Location: Washington, DC

THE DEMOCRAT ENERGY BILL -- (House of Representatives - September 15, 2008)

Mr. CARTER. I thank you very much for recognizing me on this issue.

You know, tonight, as we gather here, a bunch of Texans have just weathered a pretty rough storm down there in our part of the world. And it brought to the forefront something that Americans have already experienced in Indiana, and that is, when one-fifth of the refining capacity of the United States is hit by a hurricane because it is concentrated on the gulf coast, then we're going to see gas prices and diesel prices go up.

And even though tonight there are double shifts working in every refinery--and we were blessed that those refineries were not damaged more than just slightly--to bring that production back up is just like any other factory you shut down, you have to bring it back up to get to full production. And it will take days, and maybe even weeks, to where we're back. And the market knows that, and the market fears that. Just look at what happened when one refinery burned outside of Chicago partially, that's the first jump in gas prices, if Americans will think back to when the first jump in gas prices occurred.

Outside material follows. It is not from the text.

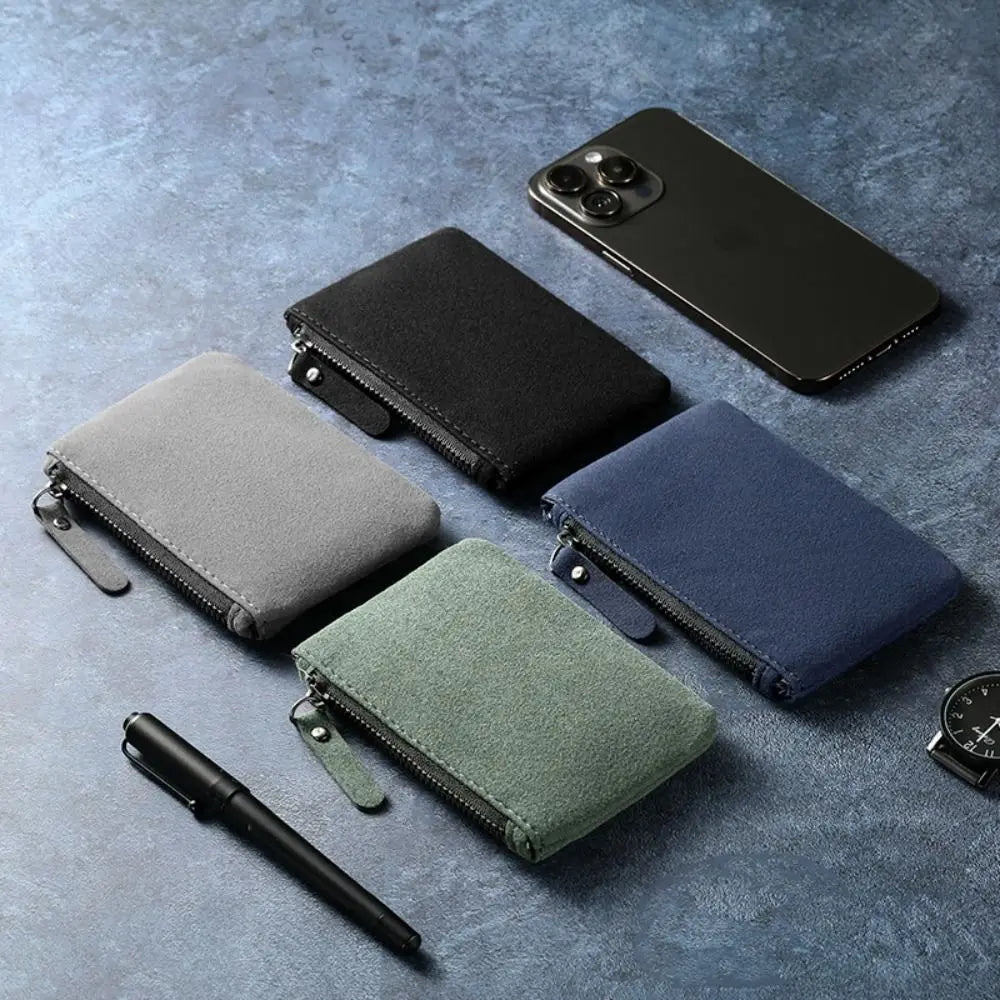 Compact PU Leather Zipper Wallet for Men and Women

Now, the reason why I bring this up, not only do I think about my neighbors back home and all the pain and suffering that they're going through, and then I think about the neighbors around the country that are going to suffer as a result of this natural disaster down there with the prices, and then I think about the fact that Republicans on this House floor have been trying to get something done about refining capacity for 30 years. And for 30 years, it has been the policy of the Democrats to say ``no more refineries.''

And as the gentleman mentioned, we finally got at least an incentive package to try to get refineries to start building new refineries. And quite frankly, if you're putting together an energy plan and you're talking about just refineries, shouldn't you maybe think about putting them someplace else besides the Texas and Louisiana and Mississippi gulf coast, seeing as we know what happens there all the time when it comes to hurricanes? We should be having a plan for just the simple matter of having some gasoline and diesel produced in this country.

Now, Americans have common sense. Things don't have to be complicated for them. They look at an issue and say, are you telling me that this bill was written by the Speaker of the House and her folks with really no input from anybody? What makes them experts? And do I want them planning my life and my energy needs for the next 20 years in the back room of the Speaker's office?

Now I think the American people say no.

And I think the American people would say that this is an issue that should have some concentrated effort. Maybe they should have been here for the 5 weeks that the Republicans were here. I think the people back home were saying maybe we should have been meeting, which they seem to talk a lot about, in a bipartisan method to come up with a real all-of-the-above energy solution the Republicans started talking about 6, almost 7 weeks ago on a Friday afternoon when they shut off the lights, shut off the mics and ran off the press in this very House. But we Republicans stayed. And we talked. And we said this is a crisis. And then we've had another natural disaster which has enhanced that crisis. It's time that we wake up and realize, quit playing politics with that long distance trucker who is going to have to pay maybe $6 or $7 for diesel and not make a dime on his load. Or I had a rancher tell me that today, if you sell a calf at the auction in central Texas and you get $90 for him, $45 of that is in energy costs. It's time for us here in this Congress to wake up and instead of cramming eleventh hour pieces of legislation that look like the Fort Worth phonebook down our throats, maybe we should have that bipartisan discussion.

It's a shame that this type of legislation, and I can see it in your hand there, has come here in the last, it's 10 o'clock, in the last 20 minutes. It's time we get to work as Americans and pass a comprehensive energy plan that we all participate in.